The Christmas season seems to be bringing up a lot of talk about e-books, journal costs (namely increases), and the role of the library in the digital age. Is it because the Kindle and Nook are popular gift wish list items? It it because some library vendors are pushing bills a little later to the end of the year? I don't know.
Robert Darnton is the Carl H. Pforzheimer University Professor and Director of the Harvard University Library. In his recent article in the New York Review of Books, The Library: 3 Jeremiads, Darnton explains many of the things we at BOT have been mentioning and discussing for some time. (Note: Darnton is an historian, not a scientist. Expect verbiage.) I confess I had to look up what jeremiad meant, as I've studied very little theology. Darnton's choice of words is interesting. The OED defines a jeremiad as "A lamentation; a writing or speech in a strain of grief or distress; a doleful complaint; a complaining tirade; a lugubrious effusion."
Once you wade past the Harvard promotional information, Darnton does a thorough job explaining the three main reasons why libraries are in such a a bad place right now. Just like in the most recent BOT post (which began as a comment) one of the main themes is control. Who acquires, maintains, and relinquishes control of information is important, as Libraries routinely give up control of many aspects of what they do for the greater good of society and culture.
What is Darnton's solution? Creating another library resource, the Digital Public Library of America (DPLA). Per his description, it is "a digital library composed of virtually all the books in our greatest research libraries available free of charge to the entire citizenry, in fact, to everyone in the world." I see this as a library-centric way to regain control of information, and wrest the monopoly of Google, et al. on the digital library of the future.
What will the DPLA hold? Of particular note is Darnton's suggestion that: "the DPLA would exclude books currently being marketed, but it would include millions of books that are out of print yet covered by copyright, especially those published between 1923 and 1964, a period when copyright coverage is most obscure, owing to the proliferation of “orphans”—books whose copyright holders have not been located." Recent attempts to create updated policies for use of orphan works in the US have been unsuccessful. Is this a way to secure mechanisms to use them without contacting copyright holders? This is very interesting, since the GBS has includes orphan works in its scanning program and has been taken to task for its' own interpretation of copyright.

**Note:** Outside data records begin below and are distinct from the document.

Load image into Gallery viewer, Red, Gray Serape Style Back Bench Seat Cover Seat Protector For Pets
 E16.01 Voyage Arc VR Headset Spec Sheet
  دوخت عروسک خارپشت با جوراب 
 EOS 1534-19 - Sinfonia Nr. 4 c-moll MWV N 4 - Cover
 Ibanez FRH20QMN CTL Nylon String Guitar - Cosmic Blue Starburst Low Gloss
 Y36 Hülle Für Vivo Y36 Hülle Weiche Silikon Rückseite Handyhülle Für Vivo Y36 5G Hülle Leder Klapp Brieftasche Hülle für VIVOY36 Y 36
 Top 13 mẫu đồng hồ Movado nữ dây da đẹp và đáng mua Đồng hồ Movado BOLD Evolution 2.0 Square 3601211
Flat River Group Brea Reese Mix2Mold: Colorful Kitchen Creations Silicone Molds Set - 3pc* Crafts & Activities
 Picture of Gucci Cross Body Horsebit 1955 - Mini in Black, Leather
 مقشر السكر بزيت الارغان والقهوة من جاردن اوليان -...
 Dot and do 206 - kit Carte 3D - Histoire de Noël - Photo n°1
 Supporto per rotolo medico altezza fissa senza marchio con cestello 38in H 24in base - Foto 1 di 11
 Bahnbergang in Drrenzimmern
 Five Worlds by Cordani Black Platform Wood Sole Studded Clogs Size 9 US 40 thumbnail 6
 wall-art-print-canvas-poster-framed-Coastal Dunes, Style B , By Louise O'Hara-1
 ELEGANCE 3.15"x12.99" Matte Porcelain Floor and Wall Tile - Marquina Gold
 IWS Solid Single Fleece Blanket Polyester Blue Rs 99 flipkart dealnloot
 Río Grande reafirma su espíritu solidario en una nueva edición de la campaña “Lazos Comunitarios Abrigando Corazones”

This is interesting, because one by-product of the Google Books Project, Hathitrust, is collecting GBS content as a library-side answer to Google's monopoly of the content. Hathitrust is also starting to build a governance structure, which has more libraries joining to secure a seat at the table. So GBS content will have another outlet controlled by libraries, at least for the forseeable future. Presumably Hathitrust will have most of the DPLA content, since the largest academic libraries have already signed onto the GBS project and their works are being scanned as I write this sentence. This also begs another interesting question: what if these GBS books are not the most important books in our culture? What if big parts of these large academic collections are filler, or less relevant for research?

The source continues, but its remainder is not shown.